Dieses würdigt uns jedoch keines Blickes – sie ist am Gegenhang bereits fündig geworden und eilt nun zu ihrer Chefin, um diese zu holen. Ein Schauspiel, das sich in den kommenden Minuten mehrfach wiederholt: Ein ums andere Mal wird die Hündin losgeschickt, um eine im Hang versteckte Person zu detektieren und anschliessend ihre Hundeführerin an den richtigen Ort zu führen.
Nachdem sie ihr Training fertig absolviert hat, erhält sie grosses Lob – und der nächste Hund ist an der Reihe…
Sowohl Mensch wie Tier sind voller Hingabe bei der Sache – sogar als Zuschauerin spüre ich die ansteckende Verbundenheit und Freude, die hier ausgelebt wird. Ein unglaubliches Engagement, das weit über die Lust am gemeinsamen Training in der Natur hinausreicht.
Sein letzter Rettungs-Einsatz sei vor einer Woche gewesen, antwortet der Trainingsleiter auf unsere Frage. In Schaffhausen, ein Suizid. Zwanzig Hundeteams hätten nach einer vermissten Frau gesucht – und sie schliesslich auch gefunden. Tot.
Die Suche nach Vermissten, Verschütteten, Getöteten – das ist das Kerngeschäft der Rettungsteams von REDOG – und die Kehrseite des spielerischen Trainings, dem wir gerade beiwohnen. «Menschen und Hunde für Hilfe in der Not», lautet ihr Motto. Zu erreichen sind sie rund um die Uhr.
Der Trainingsleiter, der seit 30 Jahren für REDOG im Einsatz steht, drückt uns Werbeflyer des Vereins in die Hand. Wir merken uns die Notrufnummer (0844 44 11 44 ) – man weiss ja nie…
Als letzter Proband steht an diesem Samstagmittag ein Labrador im Einsatz.

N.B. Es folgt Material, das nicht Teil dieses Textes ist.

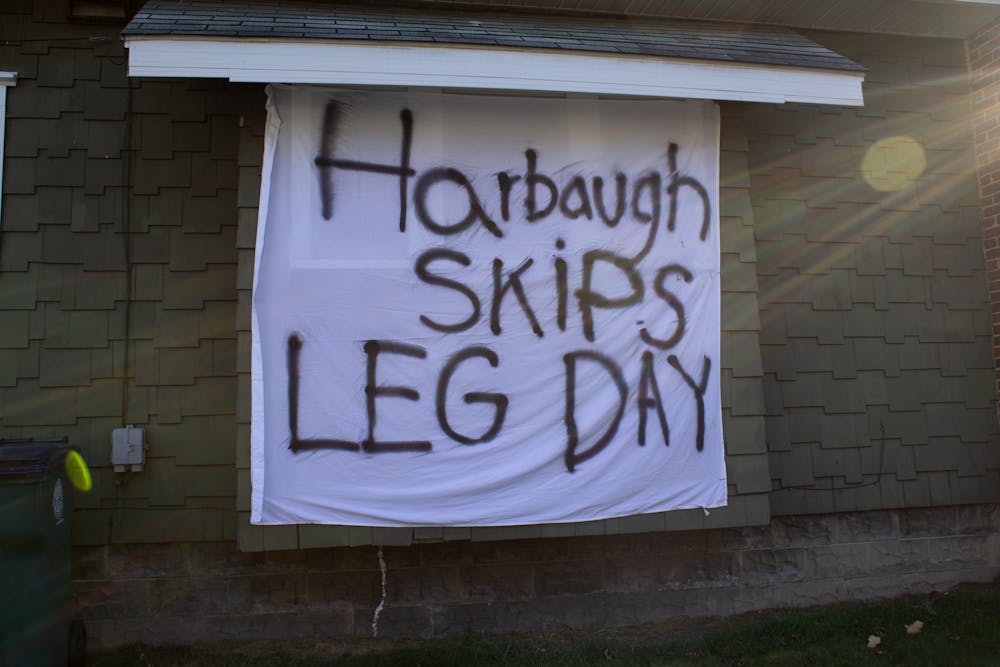 A bedsheet sign on an East Lansing house Oct. 31, 2020, reading "(Jim) Harbaugh skips leg day."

Kaum losgelassen, hat er die im Hang versteckte Person auch schon aufgespürt. «Der Labrador ist ein Arbeitstier – die sind so fix…», kommentiert unser Gewährsmann voller Respekt für die Leistung des Tiers.

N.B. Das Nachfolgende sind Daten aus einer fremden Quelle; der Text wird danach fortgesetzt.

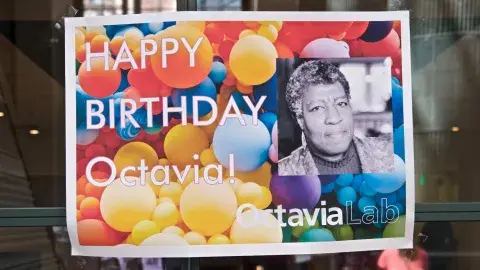 Octavia E. Butler birthday sign on the door of the Octavia Lab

In mir wächst derweil der Respekt insbesondere auch für die Leistung der Hundehalter:innen: Sie leisten ihre Einsätze in Freiwilligenarbeit – als Dienst an der Gesellschaft. Dafür erhalten sie lediglich Kilometerspesen vergütet.

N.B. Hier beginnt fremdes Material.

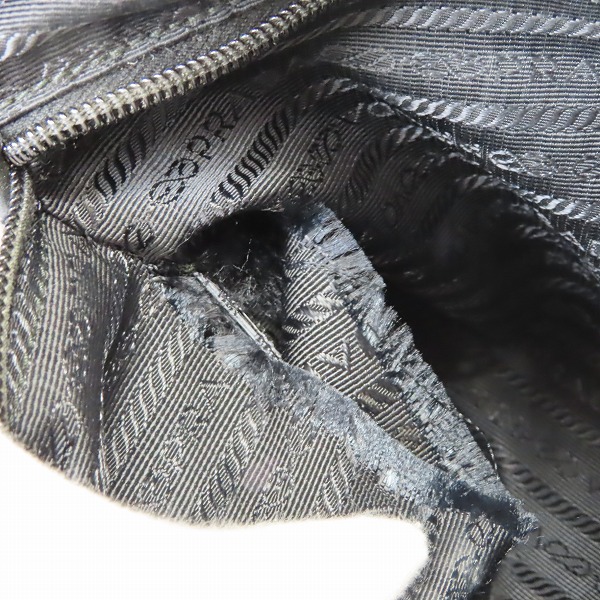 実際に弊社で買取させて頂いた【難有り】PRADA/プラダ TESSUTO STAMPAT ピストル総柄 三角ロゴプレートトートバッグ B4696Pの画像 7枚目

Ein unglaubliches Engagement, im Zeitalter der Monetarisierung jeder noch so kleinen Dienstleistung, denke ich, während wir unseren Weg Richtung Balsthal fortsetzen. Vor allem angesichts der Tatsache, dass die Rettungsteams oft mit schweren, belastenden Situationen konfrontiert sind. – Chapeau!